Начался допрос. Меня обвинили в том, что я был членом «Красного Востока» и участвовал в заговоре с целью свержения власти Коммунистической партии и Председателя Мао. В качества доказательства был предъявлен мой дневник, где я описал встречу с юным членом «Красного Востока», и значок лицея «Красная звезда».
Я не мог сдаться без боя, позволить клеветникам победить и с негодованием возразил, что всегда был предан идеалам культурной революции. Они занервничали, задрали рубахи и вытащили из брюк ремни.

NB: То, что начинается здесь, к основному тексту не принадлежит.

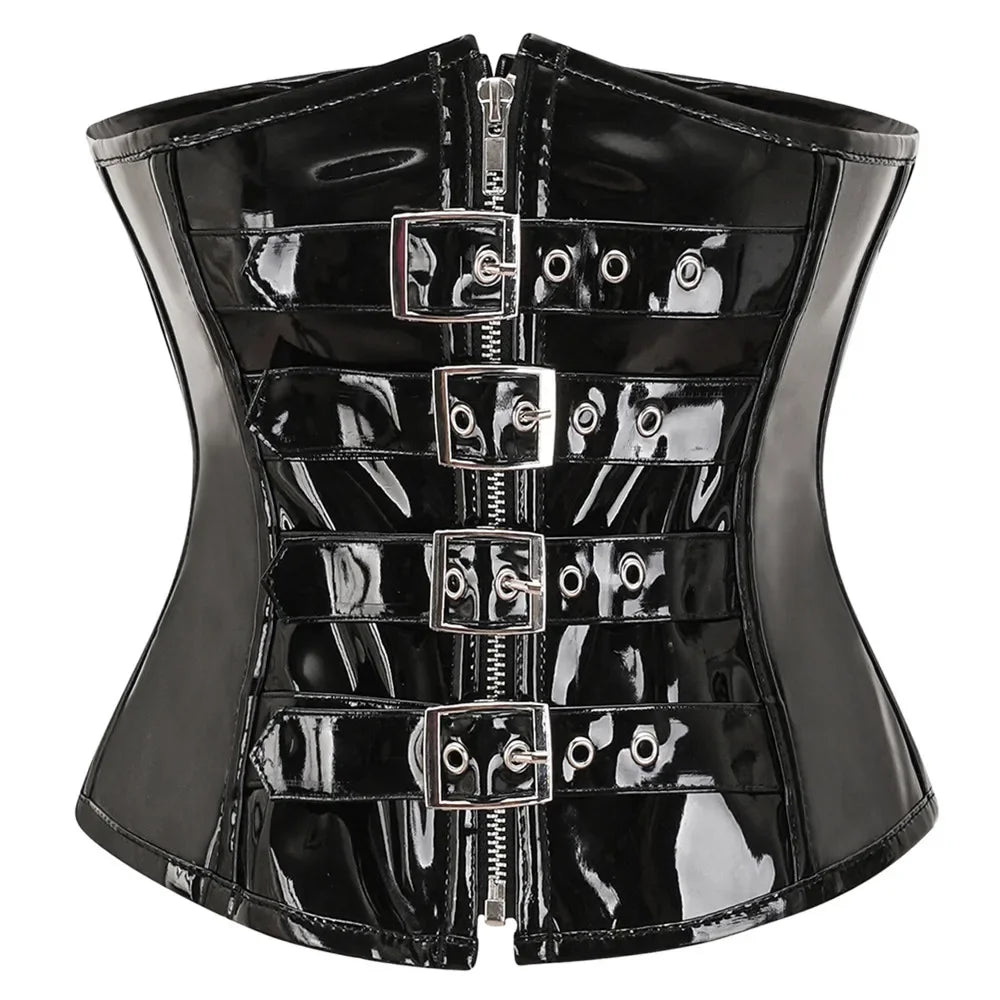 Underbust Extended-Size Shiny Faux Leather Waist Trainer | OWNLUXE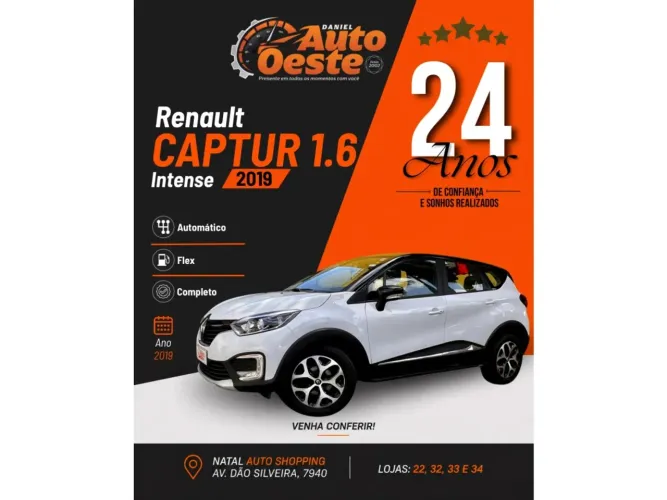 Renault Captur Intense 1.6 16V Flex 5P Aut. 2019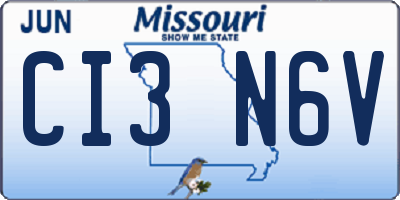 MO license plate CI3N6V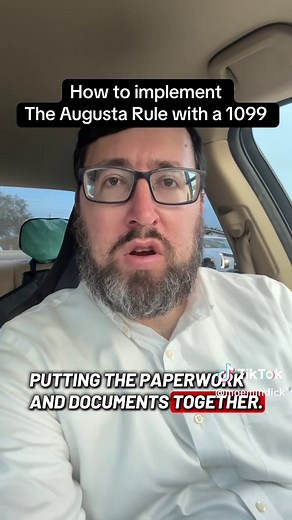 Augusta Rule - how to do it right! Which basically means you issue yourself a 1099-MISC form from the business to you personally (social) and you pick up as rental income on your personal tax return, using a schedule E. And on same form you add a deduction with the words Augusta Rule Section 280(a)! And now the IRS will understand what your tax position was. #augustarule #taxstrategies #1099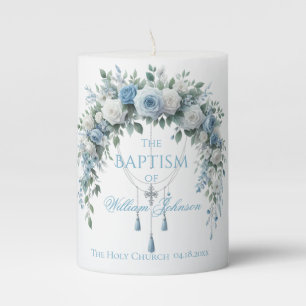 Blue Rose & Silver Cross Baptism Pillar Candle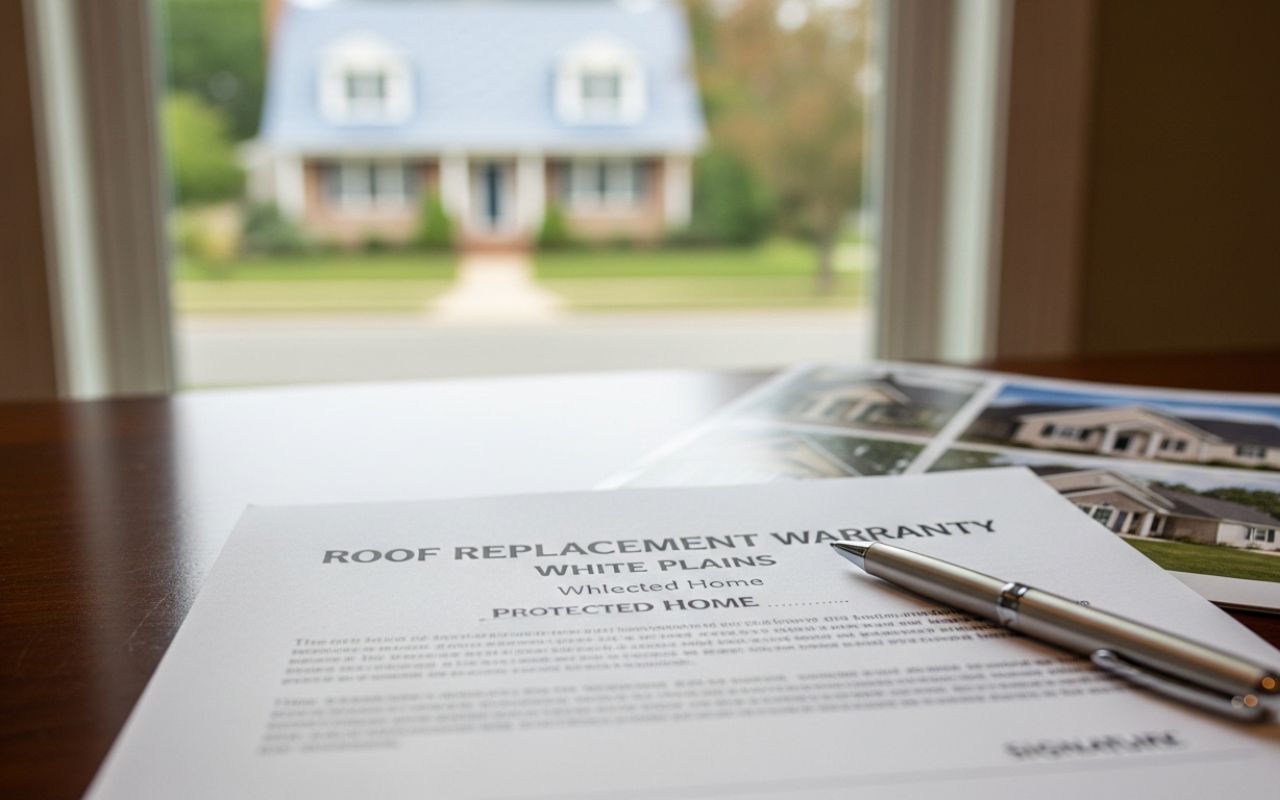 Roof replacement warranty in White Plains for a protected home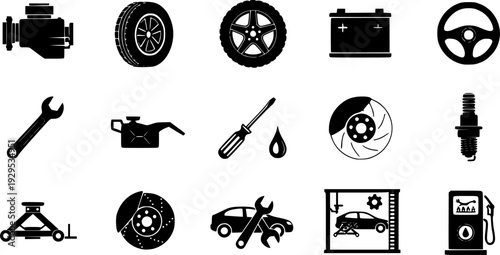 Automotive vehicle parts and car repair service black silhouette icons for maintenance diagrams or garage workshop applications.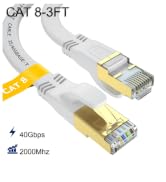 Cat 8 Ethernet Cable 3 FT, Outdoor&amp;Indoor High Speed Heavy Duty Network LAN Internet Cable,SFTP G...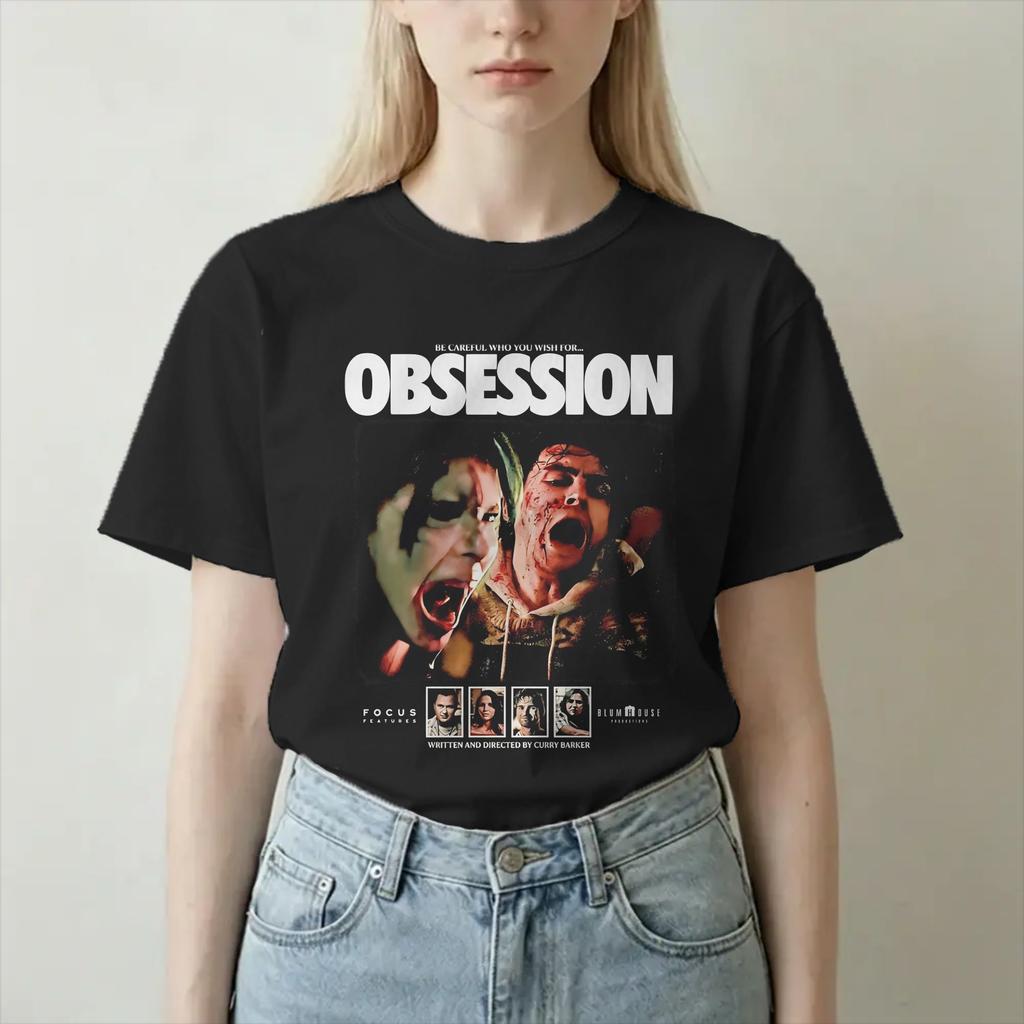 Футболки с принтом 'Obsession' (Одержимость) для унисекс Унисекс Новинка 100% Хлопок Футболка Круглый вырез Короткий рукав Футболка Классическая одежда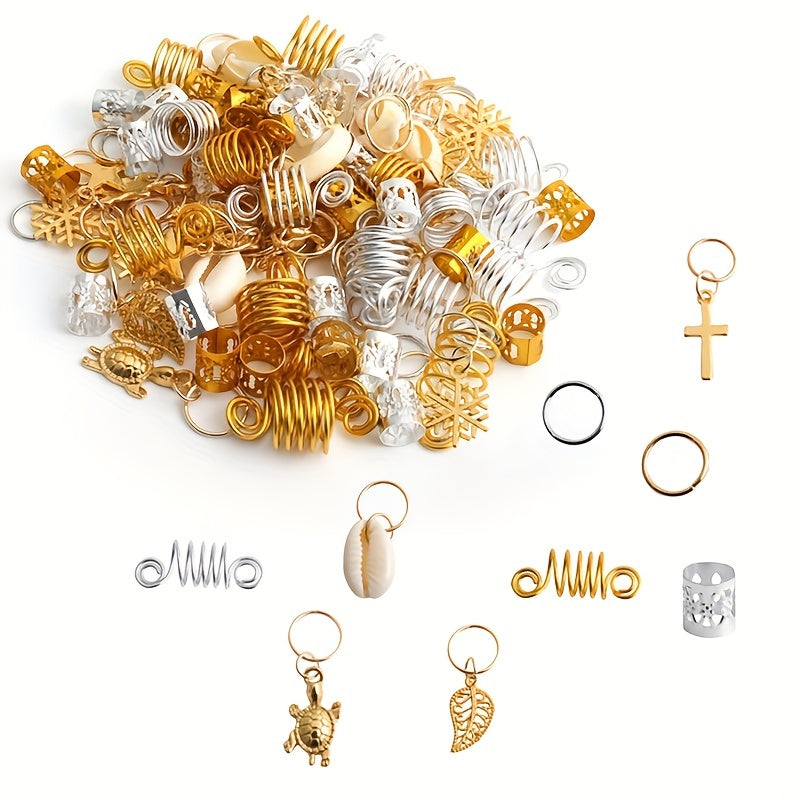 170pcs Hair Braid Dreadlock Beads Cuffs Clips Spiral Braid Hair Extension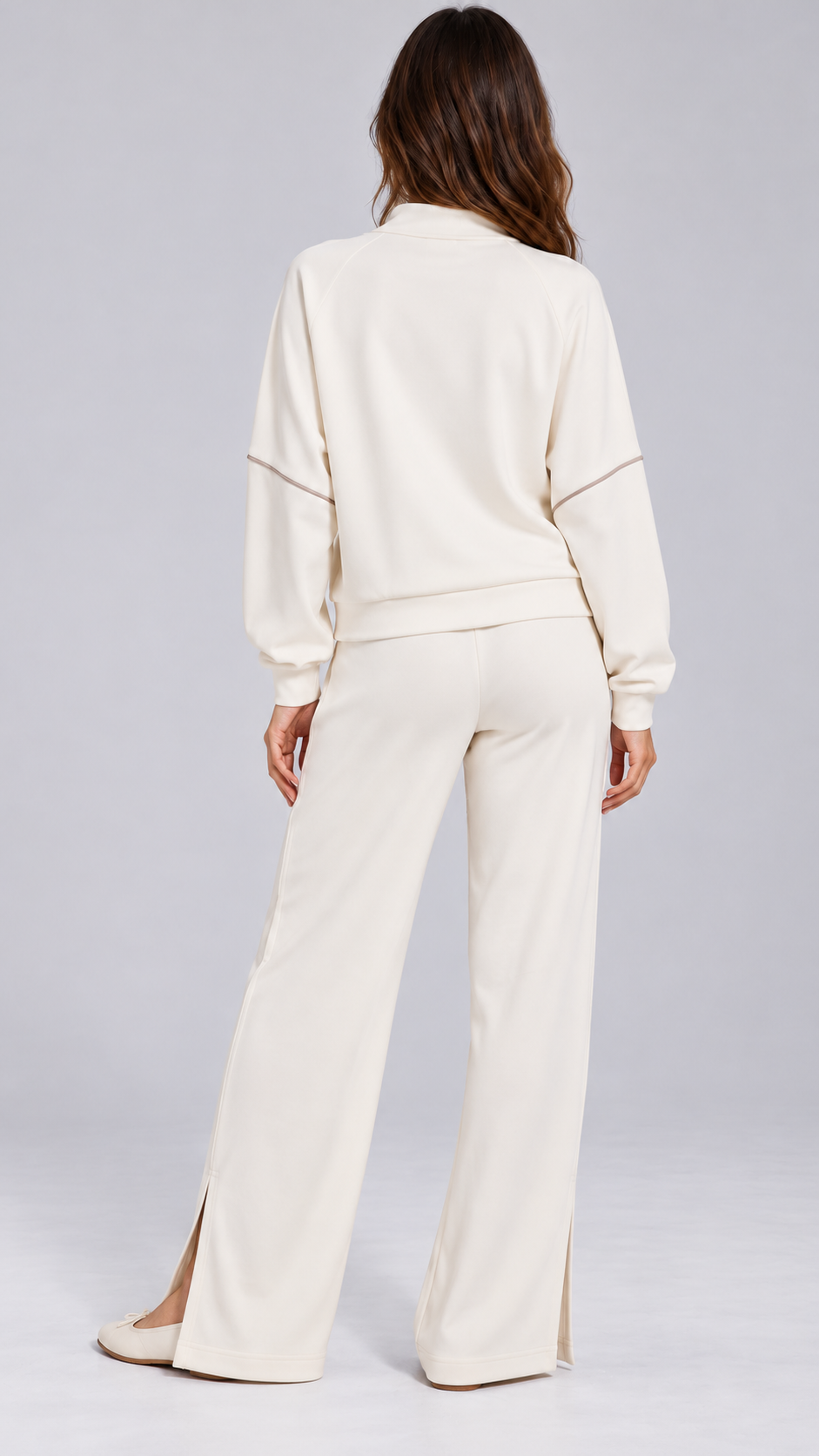 Henna Split-Hem Lounge Set — Light Beige model back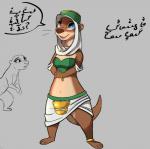 Rating: s
ID: 1376806
Date: 2017-11-11 19:43:52 -0500
Status: active
Score: 46
4_fingers 4_toes anthro barefoot biped blue_eyes bracelet breasts brown_body brown_fur clasped_hands cleavage clothed clothing countershade_torso countershading dialogue exposure_variation feet female fingers fur grey_background hat headdress headgear headwear jewelry kerchief mammal midriff mustelid navel open_mouth otter partially_translated religious_clothing religious_headwear semi-anthro shemagh simple_background siroc smile solo speech_bubble taqiyah text toes translation_request wide_stance post #1376806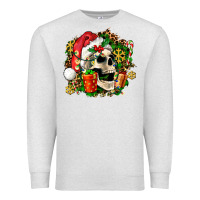 Oatmeal Heather christmas skull and gift Premium Sweatshirt - AdoDesignShop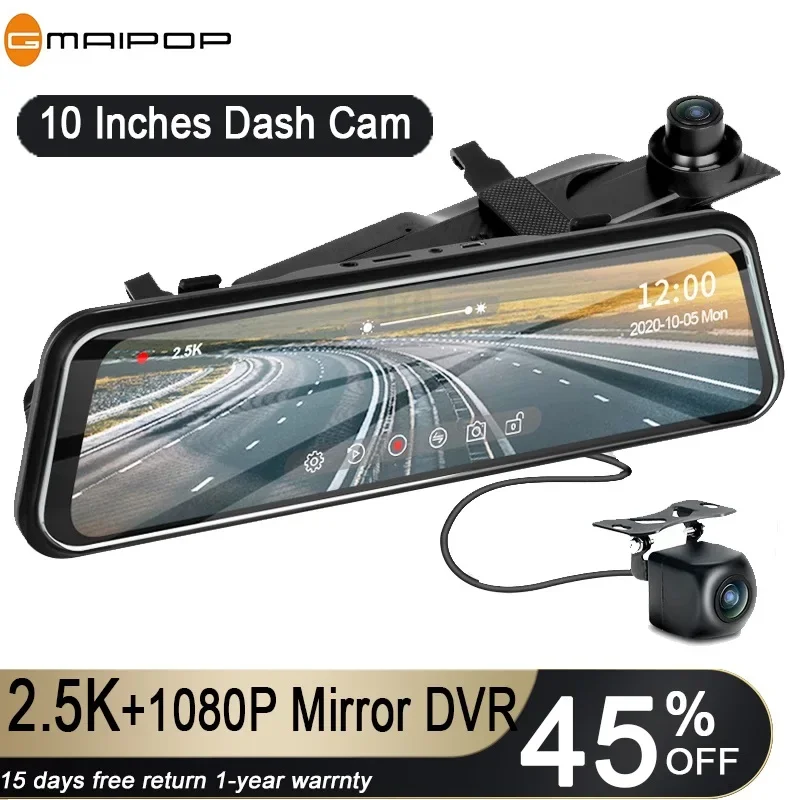 Ultra HD 2.5K Stream Media 10 inch Car DVR Mirror Recorder Dash Cam Registrar 1080P Rear View Camera Night Vision Black Box
Ultra HD 2.5K Stream Media 10 inch Car DVR Mirror Recorder Dash Cam Registrar 1080P Rear View Camera Night Vision Black Box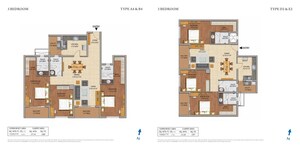 Floor Plan in 3 BHK Apartment at Adarsh Palm Retreat Mayberry, Marathahalli Orr – for Sale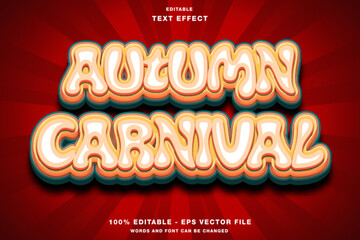 Wall Mural - Autumn carnival 3d modern text style effect editable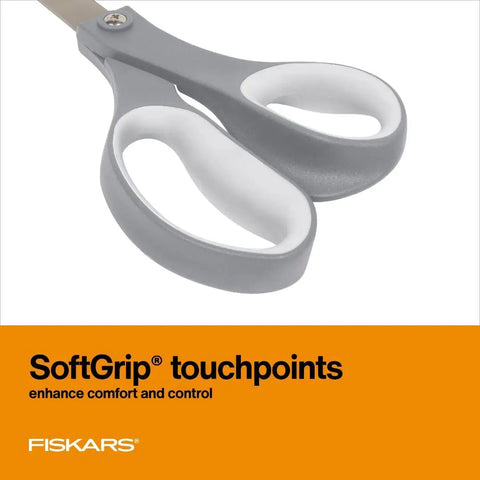 Close-up of Workhorse All Purpose Scissors With SoftGrip Ergonomic Handles showing comfort design for sharp precise cuts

На побои я ответил проклятиями. В юности я не раз с тревогой спрашивал себя, сумею ли остаться настоящим коммунистом под пыткой и не предать. Теперь уверенность в собственной невиновности давала мне силу, чтобы сражаться с несправедливостью.
На рассвете меня заперли в храме — они превратили его в тюрьму. Я дотащился до алтаря, откуда мы изгнали богов, и, скрипя зубами от боли, устроился на разодранных молельных подушечках.
Меня била дрожь, заснуть не удавалось. Солнечный свет проникал в помещение через крошечное, находившееся в двух метрах от пола оконце. Я смотрел на танцующие в луче света пылинки и размышлял.
Кто рассказал дознавателям о моём дневнике? Кто предатель? Толстяк Чжан, продавший меня, чтобы выпутаться самому? Или Хуэй — однажды она встала раньше обычного и увидела, как я пишу дневник?
Кто за мной шпионил? Кто выследил, где я прячу и как перепрятываю тетрадь? Неужели злоязыкий и любопытный, как филин, Ли? Или Фань, которого я отчитал за то, что без спроса взял мою тяпку? А может, сельский староста? Нет, исключено. Он неграмотный и ничего бы не сумел прочитать. Неужели я сам себя выдал, открылся ему, напившись водки?
Назавтра, во второй половине дня, меня разбудили ударами ног и потащили к месту судилища. У подножия горы, под рисовыми плантациями, установили помост. Слева и справа от трибуны хлопали на ветру красные флаги, придавая окружающему пейзажу буйный колорит. На фронтоне сцены висел кумачовый транспарант с надписью, сделанной белым цветом: «Заседание по осуждению ревизиониста и контрреволюционера Вэня».
Я едва не сошёл с ума, гадая, кто меня выдал, и теперь, на людях, чувствовал облегчение. Меня отвели на сцену. Висевшая на шее табличка с перечислением всех моих прегрешений была ужасно тяжёлой, но я сумел поднять голову и обвёл взглядом рисовые террасы, напоминавшие зеркальную мозаику. Тучи отбрасывали на гору чёрную тень, над бамбуковой рощей парил шлейф тумана.
Собрание началось с чтения изречений Председателя Мао. Потом лидер произнёс обличительную речь о «потере бдительности и моральной распущенности красных охранников».
Кто-то дал мне тычка, выталкивая на авансцену лицом к публике, и заставил склониться до самой земли. Классическая мизансцена! В лицее я провёл с десяток подобных представлений, но впервые оказался в роли подсудимого.
Тонкая металлическая проволока резала шею. У меня смертельно болела спина, ноги то и дело сводило судорогой, голова гудела, как готовый взорваться котёл. Пока мэйлиньский функционер произносил речь, я наблюдал за своими товарищами. Как они отреагируют? Возмутятся или останутся равнодушными? В глубине души я был убеждён, что те, с кем я делил тяжёлую работу, противостоял бурям и строил новую жизнь, восстанут против комиссии. Под их давлением меня оправдают. Стоило шевельнуться, и мучители начинали избивать меня. Пришлось смириться и смотреть на носки собственных ботинок.